## What to produce
Within the listing below, the lines to output run from the one containing "a view of a house with a yard and garage" through the one containing "a woman lifts"; copy them exactly and nothing else.

## Material provided
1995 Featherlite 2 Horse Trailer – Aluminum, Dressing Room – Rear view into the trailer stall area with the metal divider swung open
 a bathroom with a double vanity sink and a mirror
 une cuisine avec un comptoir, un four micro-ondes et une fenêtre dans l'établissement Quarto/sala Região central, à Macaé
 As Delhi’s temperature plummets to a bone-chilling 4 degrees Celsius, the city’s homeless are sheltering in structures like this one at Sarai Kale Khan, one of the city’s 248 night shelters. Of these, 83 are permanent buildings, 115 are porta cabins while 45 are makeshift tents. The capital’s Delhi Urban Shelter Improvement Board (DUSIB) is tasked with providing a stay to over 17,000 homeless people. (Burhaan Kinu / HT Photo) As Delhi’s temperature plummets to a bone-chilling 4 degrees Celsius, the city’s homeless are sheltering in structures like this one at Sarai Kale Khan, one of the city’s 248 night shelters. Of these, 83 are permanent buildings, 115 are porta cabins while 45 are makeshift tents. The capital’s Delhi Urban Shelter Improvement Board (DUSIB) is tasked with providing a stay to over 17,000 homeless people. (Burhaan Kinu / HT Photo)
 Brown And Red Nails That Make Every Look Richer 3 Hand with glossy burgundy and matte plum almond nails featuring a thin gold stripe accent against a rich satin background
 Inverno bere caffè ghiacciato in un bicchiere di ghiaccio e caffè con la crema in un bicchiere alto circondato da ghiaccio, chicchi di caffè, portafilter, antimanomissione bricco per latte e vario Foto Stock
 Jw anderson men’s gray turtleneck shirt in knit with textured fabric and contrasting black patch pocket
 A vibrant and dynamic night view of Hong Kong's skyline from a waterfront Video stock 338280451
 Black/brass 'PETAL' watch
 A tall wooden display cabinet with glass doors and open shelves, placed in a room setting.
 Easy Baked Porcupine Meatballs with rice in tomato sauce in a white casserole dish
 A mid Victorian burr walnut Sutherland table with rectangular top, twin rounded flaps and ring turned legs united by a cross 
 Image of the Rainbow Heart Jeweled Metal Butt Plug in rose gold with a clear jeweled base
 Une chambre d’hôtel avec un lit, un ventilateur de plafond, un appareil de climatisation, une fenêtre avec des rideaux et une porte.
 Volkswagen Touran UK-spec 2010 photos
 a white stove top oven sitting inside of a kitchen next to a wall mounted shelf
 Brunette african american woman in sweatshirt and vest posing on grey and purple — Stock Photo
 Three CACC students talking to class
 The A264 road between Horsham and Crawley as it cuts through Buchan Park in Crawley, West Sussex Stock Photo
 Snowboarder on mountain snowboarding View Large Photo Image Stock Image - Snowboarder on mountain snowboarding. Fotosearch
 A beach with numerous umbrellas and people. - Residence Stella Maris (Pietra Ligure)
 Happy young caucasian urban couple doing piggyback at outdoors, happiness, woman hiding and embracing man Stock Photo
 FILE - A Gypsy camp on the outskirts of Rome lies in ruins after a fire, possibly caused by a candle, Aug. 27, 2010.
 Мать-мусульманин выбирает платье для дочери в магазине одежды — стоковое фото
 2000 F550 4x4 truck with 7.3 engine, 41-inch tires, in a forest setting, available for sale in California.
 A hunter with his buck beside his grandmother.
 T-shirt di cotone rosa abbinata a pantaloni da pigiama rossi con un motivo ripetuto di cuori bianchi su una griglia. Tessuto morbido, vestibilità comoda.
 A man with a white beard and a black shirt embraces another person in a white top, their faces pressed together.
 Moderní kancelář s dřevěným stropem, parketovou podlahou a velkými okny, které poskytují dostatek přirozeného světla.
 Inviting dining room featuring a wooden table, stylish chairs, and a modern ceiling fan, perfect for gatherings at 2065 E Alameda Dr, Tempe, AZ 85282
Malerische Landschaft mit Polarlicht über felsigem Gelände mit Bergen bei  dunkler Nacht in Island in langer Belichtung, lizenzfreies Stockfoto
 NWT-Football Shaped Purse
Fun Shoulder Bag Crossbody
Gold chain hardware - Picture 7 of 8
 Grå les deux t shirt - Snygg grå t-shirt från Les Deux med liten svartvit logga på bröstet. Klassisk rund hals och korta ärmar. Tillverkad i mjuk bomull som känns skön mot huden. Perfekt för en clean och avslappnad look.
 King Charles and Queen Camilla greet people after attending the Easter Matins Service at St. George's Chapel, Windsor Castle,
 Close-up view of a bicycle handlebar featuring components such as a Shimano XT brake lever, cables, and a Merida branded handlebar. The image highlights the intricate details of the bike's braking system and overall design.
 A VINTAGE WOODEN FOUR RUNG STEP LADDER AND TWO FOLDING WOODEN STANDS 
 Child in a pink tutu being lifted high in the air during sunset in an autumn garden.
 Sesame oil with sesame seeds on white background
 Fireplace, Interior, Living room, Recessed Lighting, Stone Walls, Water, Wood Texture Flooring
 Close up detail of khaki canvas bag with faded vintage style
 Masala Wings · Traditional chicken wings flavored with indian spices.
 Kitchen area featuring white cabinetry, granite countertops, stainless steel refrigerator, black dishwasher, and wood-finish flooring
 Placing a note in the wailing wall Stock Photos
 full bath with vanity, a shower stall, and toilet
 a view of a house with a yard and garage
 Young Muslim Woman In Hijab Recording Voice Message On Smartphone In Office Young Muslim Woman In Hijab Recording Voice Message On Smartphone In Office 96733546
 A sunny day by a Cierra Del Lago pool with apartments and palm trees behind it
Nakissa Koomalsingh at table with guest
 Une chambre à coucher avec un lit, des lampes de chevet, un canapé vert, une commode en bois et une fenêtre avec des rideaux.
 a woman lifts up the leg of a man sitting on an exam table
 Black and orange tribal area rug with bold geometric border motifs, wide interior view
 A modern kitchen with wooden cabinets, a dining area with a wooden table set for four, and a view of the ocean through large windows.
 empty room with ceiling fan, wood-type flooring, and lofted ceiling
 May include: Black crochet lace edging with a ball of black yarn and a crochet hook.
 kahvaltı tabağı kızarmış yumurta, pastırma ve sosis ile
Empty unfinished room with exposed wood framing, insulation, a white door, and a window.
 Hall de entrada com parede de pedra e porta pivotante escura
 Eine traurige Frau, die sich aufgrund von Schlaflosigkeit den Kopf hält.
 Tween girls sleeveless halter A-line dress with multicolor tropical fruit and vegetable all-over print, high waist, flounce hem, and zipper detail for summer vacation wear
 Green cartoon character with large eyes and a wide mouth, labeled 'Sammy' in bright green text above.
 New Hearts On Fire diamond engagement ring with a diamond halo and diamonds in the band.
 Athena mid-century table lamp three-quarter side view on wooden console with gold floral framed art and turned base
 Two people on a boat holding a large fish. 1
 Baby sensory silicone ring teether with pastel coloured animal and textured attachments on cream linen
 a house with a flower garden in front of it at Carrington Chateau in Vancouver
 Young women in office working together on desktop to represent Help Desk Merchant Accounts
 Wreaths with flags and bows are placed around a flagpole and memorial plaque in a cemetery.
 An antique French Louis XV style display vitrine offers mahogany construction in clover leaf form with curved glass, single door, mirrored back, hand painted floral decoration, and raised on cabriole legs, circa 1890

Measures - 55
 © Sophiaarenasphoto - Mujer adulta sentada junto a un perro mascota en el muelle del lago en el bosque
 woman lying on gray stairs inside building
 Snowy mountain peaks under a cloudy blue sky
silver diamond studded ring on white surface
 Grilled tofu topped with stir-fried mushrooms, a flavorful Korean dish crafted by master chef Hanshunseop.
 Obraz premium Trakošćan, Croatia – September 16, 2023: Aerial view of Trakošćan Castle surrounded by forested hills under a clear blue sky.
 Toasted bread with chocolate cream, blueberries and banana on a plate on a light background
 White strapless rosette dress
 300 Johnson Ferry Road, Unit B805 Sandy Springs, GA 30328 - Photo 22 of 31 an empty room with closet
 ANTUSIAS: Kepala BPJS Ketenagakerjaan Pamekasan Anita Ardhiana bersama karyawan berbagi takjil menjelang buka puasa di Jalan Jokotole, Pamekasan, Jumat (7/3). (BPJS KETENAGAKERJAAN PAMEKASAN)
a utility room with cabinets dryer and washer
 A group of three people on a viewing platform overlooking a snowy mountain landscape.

## Solution to this problem
 a view of a house with a yard and garage
 Young Muslim Woman In Hijab Recording Voice Message On Smartphone In Office Young Muslim Woman In Hijab Recording Voice Message On Smartphone In Office 96733546
 A sunny day by a Cierra Del Lago pool with apartments and palm trees behind it
Nakissa Koomalsingh at table with guest
 Une chambre à coucher avec un lit, des lampes de chevet, un canapé vert, une commode en bois et une fenêtre avec des rideaux.
 a woman lifts up the leg of a man sitting on an exam table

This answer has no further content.